Его поражала мостовая, по которой ступал. Камни, циклопические, в грубых надколах, сместившиеся в пазах, сдвинутые в своих гнездовьях внутренним давлением гор, были сложены для какой-то иной, а не этой жизни. Для великанов, населявших прежде эти горы, для их огромных тяжелых колес, для могучих, громогласно стучащих копыт. Были остатками прежней цивилизации исполинских людей. Древней, лишь местами уцелевшей дорогой, соединявшей великие столицы и царства, поднебесные храмы, капища с таинственными письменами, расположенные на пустынных плато, ныне затянутые илом великих потопов, засыпанные вулканическим пеплом извержений, заметенные прахом невиданных войн. Великаны измельчали, народили низкорослые, малосильные поколения переживших катастрофу людей. Лишь малый остаток грандиозной дороги остался у подножия горы, к которой прилепилась игрушечная, поздняя жизнь, мелкие домишки, мусор, кисти каких-то обклеванных птицами ягод. Но если дотянуться до зеленых курчавых вершин, раздвинуть пышный растительный войлок, то под покровом трав и деревьев откроются окаменелые глаза и носы, громадные подбородки и губы таинственных великанов, населявших в древности эту землю. Белосельцев шагал по плитам, глядя на густой синий воздух, в котором великолепно, пятнисто-зеленая, как яшма, возносилась гора.
– Здесь проходит первый рубеж обороны, – сказал председатель, когда они вышли на кручу и спрыгнули в мелкий, обведенный красноземом окоп, потревожив двух сидящих солдат. – Сюда, на этот окоп, каждый раз наступают «контрас», по той тропинке, накапливаясь за ручьем. Тут есть и другие тропы. – Председатель махнул неопределенно в сторону. – Мы их используем для наших разведчиков, посылая их в Гондурас. Но штурмы начинаются здесь.
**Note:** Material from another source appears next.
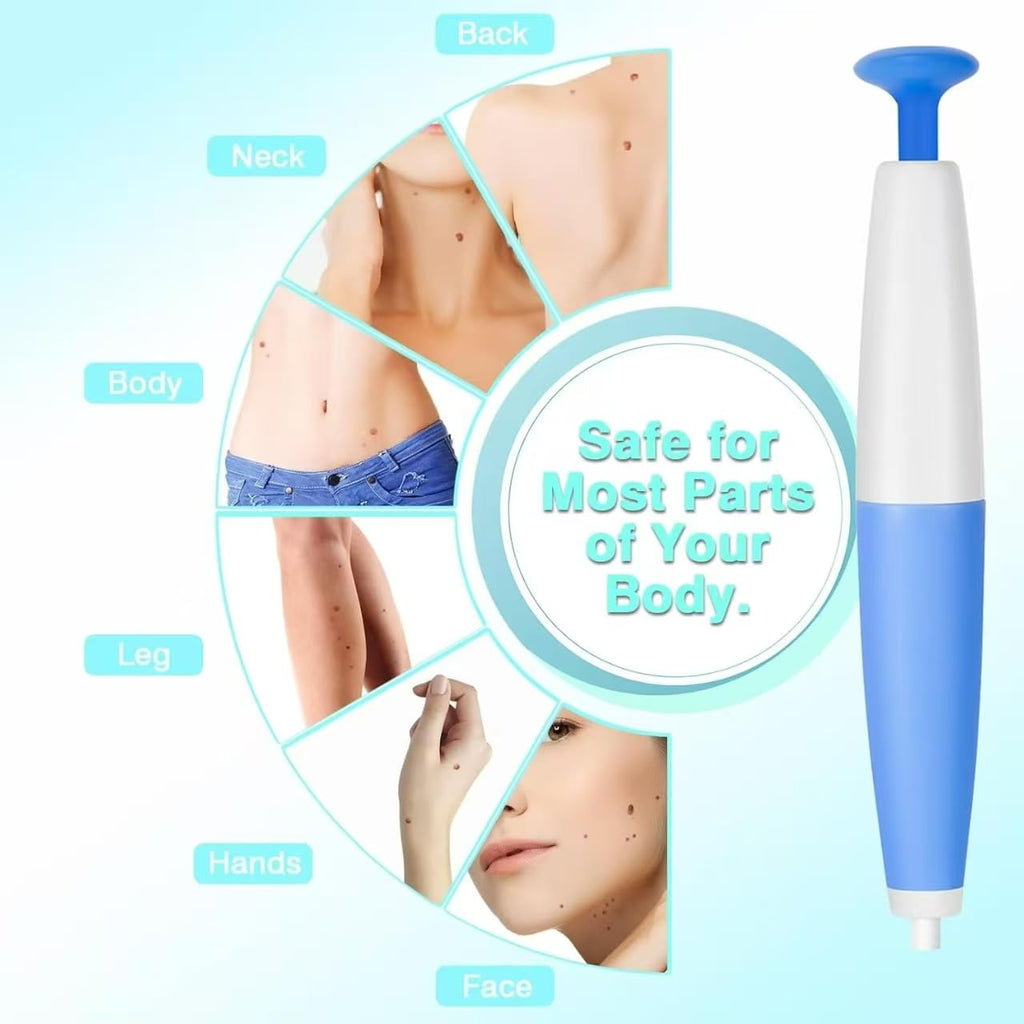 Discover the Skin Tag Remover Device, specially curated by Curat Cart, safe for most body parts including face and legs.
Белосельцев проследил взмах председателя, подумав, что, наверное, там, по далеким пятнистым склонам, проложены труднопроходимые тропы, по которым солдаты понесут в Сальвадор тюки с оружием. Видел внизу сырую низину с алюминиевой струйкой ручья, по которому проходила граница. На соседней, гондурасской, горе виднелось возделанное поле, змеилась красноватая тропка, белело пасущееся животное – то ли корова, то ли лошадь. И веяло от той земли кротостью крестьянских наделов и пашен.